**What needs to be done:**
Leave out the pictures and copy everything else in the records exactly.
☆ ☆ ☆
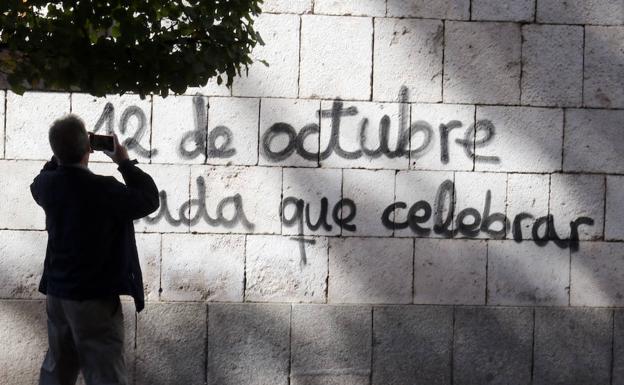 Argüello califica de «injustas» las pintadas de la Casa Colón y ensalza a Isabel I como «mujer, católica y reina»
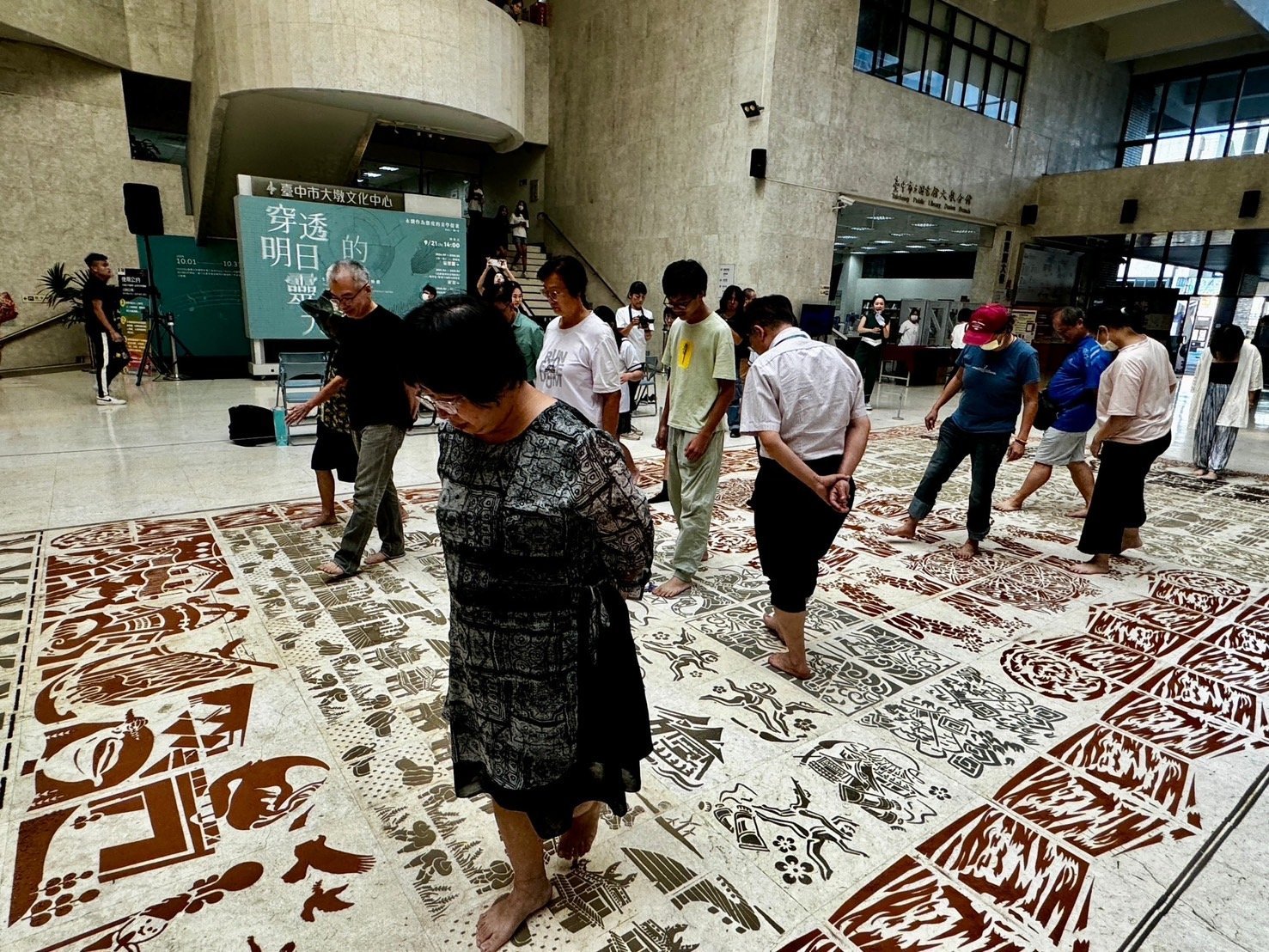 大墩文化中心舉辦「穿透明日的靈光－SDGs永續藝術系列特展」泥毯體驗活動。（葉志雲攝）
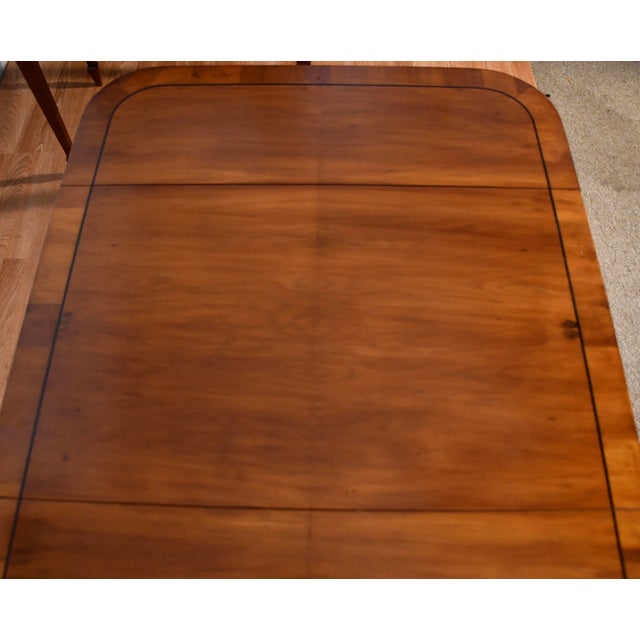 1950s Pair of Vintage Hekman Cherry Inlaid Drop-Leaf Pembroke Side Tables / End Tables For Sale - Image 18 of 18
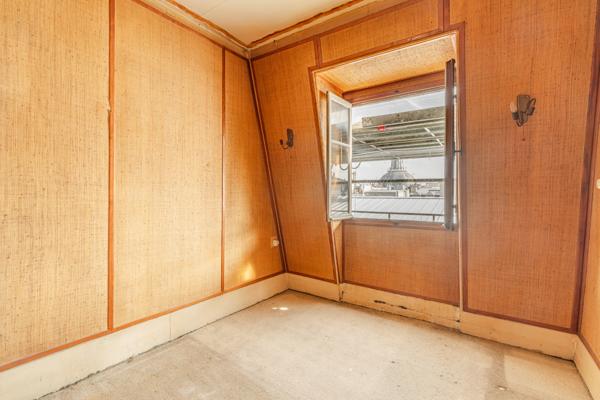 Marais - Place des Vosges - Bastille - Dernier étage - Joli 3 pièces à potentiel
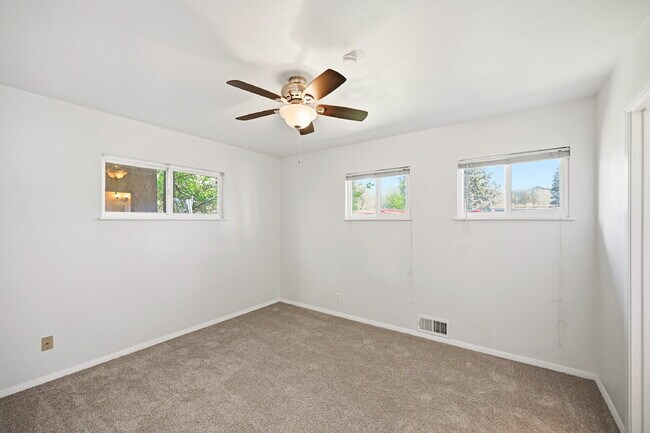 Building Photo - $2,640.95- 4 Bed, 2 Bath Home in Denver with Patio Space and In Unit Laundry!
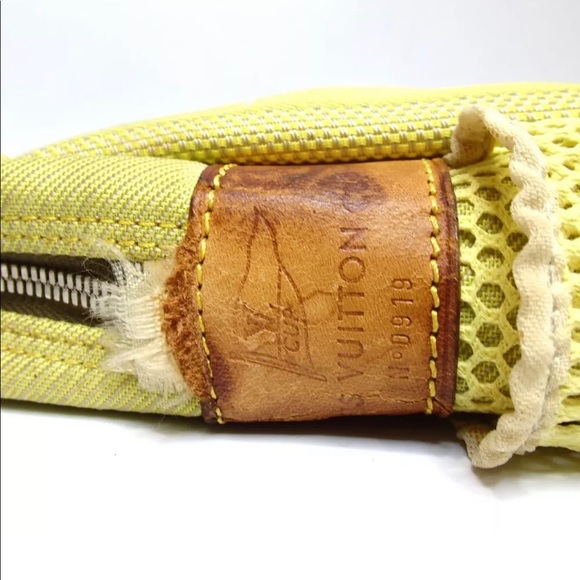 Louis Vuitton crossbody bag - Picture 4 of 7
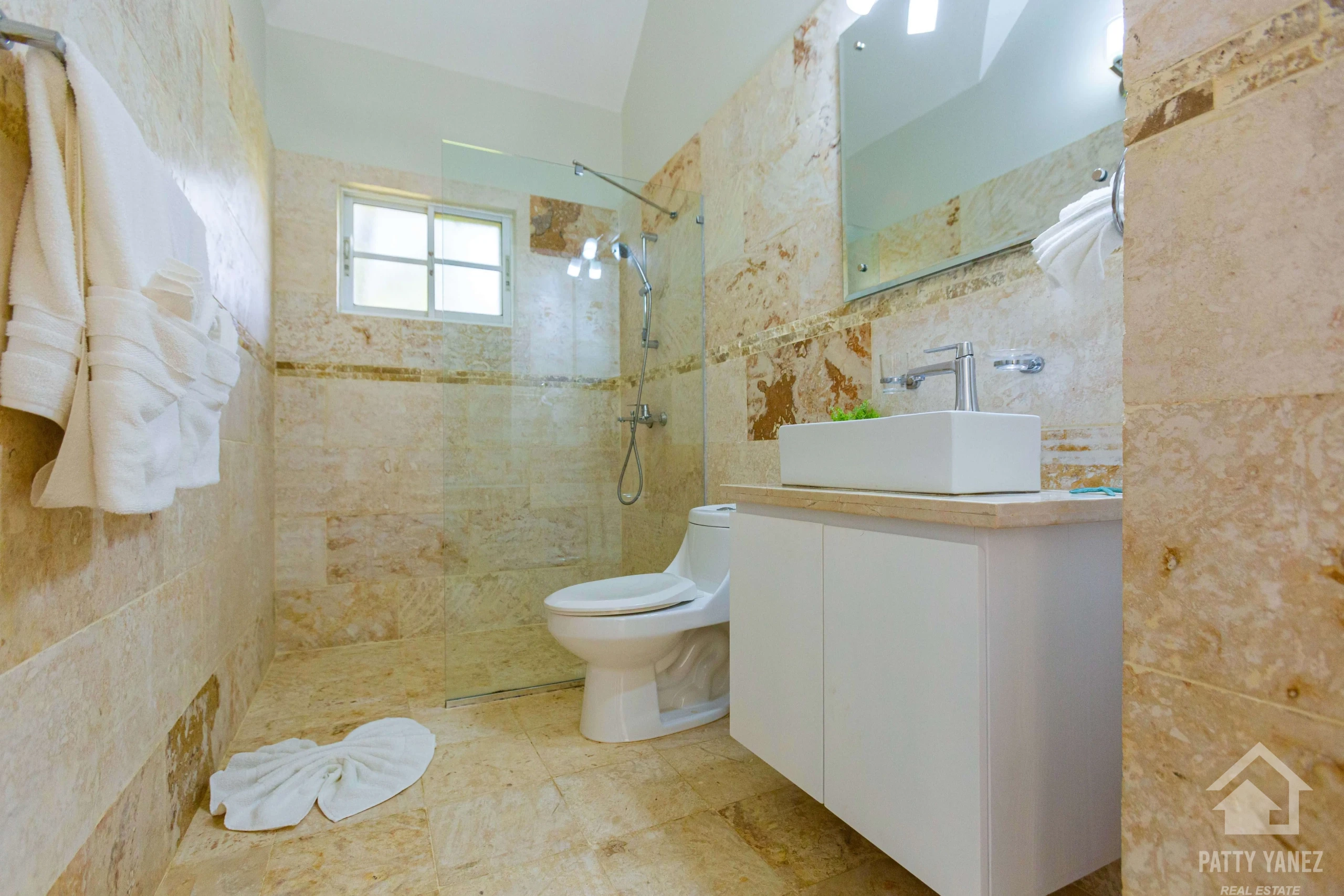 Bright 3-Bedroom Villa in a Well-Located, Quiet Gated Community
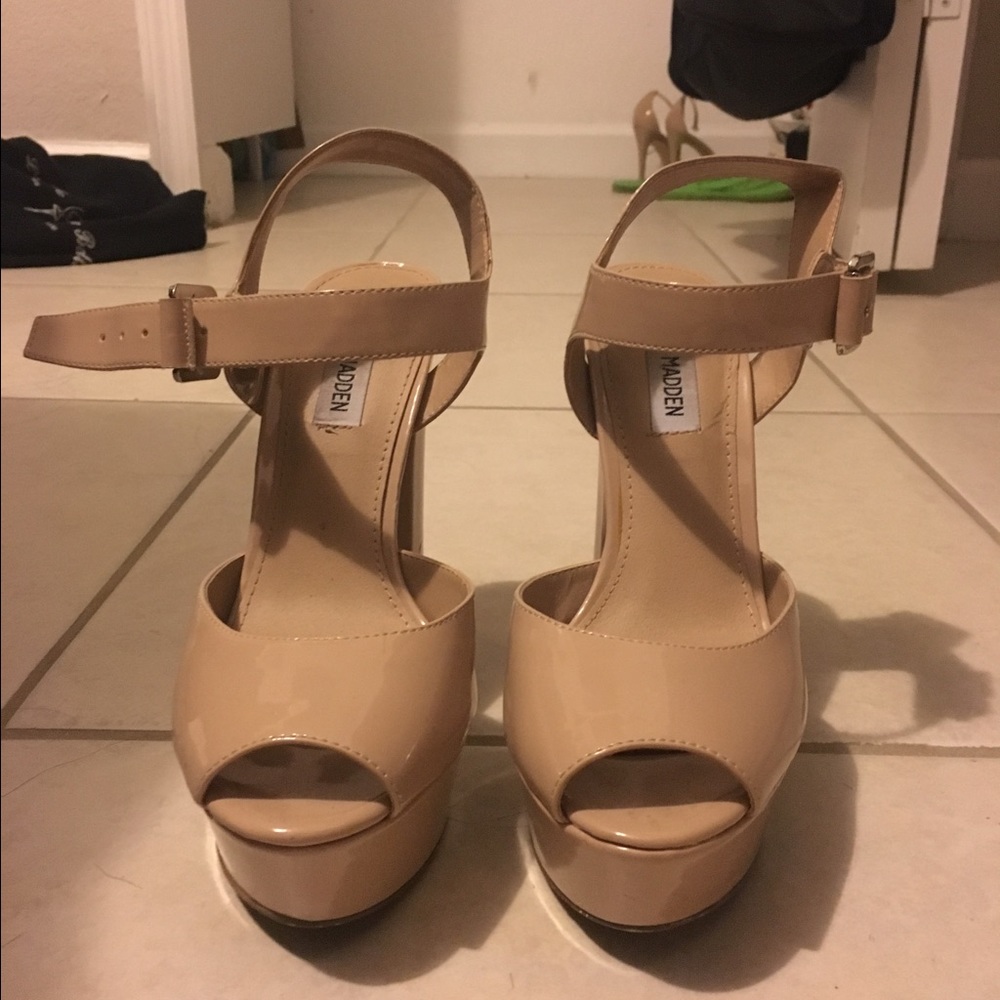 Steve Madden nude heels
☆ ☆ ☆
**Response area:**
 Argüello califica de «injustas» las pintadas de la Casa Colón y ensalza a Isabel I como «mujer, católica y reina»
 大墩文化中心舉辦「穿透明日的靈光－SDGs永續藝術系列特展」泥毯體驗活動。（葉志雲攝）
 1950s Pair of Vintage Hekman Cherry Inlaid Drop-Leaf Pembroke Side Tables / End Tables For Sale - Image 18 of 18
 Marais - Place des Vosges - Bastille - Dernier étage - Joli 3 pièces à potentiel
 Building Photo - $2,640.95- 4 Bed, 2 Bath Home in Denver with Patio Space and In Unit Laundry!
 Louis Vuitton crossbody bag - Picture 4 of 7
 Bright 3-Bedroom Villa in a Well-Located, Quiet Gated Community
 Steve Madden nude heels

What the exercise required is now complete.